Provided records>
>>>

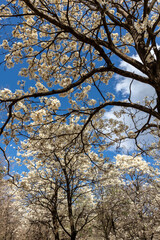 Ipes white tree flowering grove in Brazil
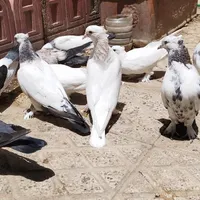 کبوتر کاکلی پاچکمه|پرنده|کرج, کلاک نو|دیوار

<<<
>>>

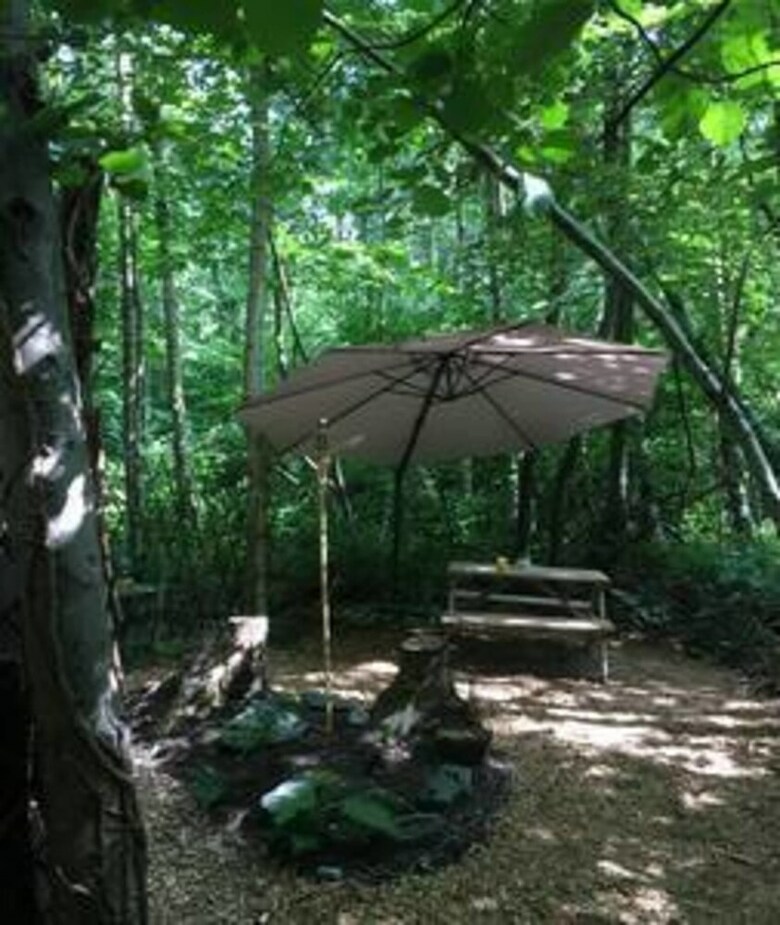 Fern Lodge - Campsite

<<<

Task description> After locating the line containing "Ipes white tree flowering grove in Brazil" in the entries above, return it and every line after it exactly, ending at the line containing "کبوتر کاکلی پاچکمه|پرنده|کرج, کلاک نو|دیوار", without pictures.

Result>
 Ipes white tree flowering grove in Brazil
 کبوتر کاکلی پاچکمه|پرنده|کرج, کلاک نو|دیوار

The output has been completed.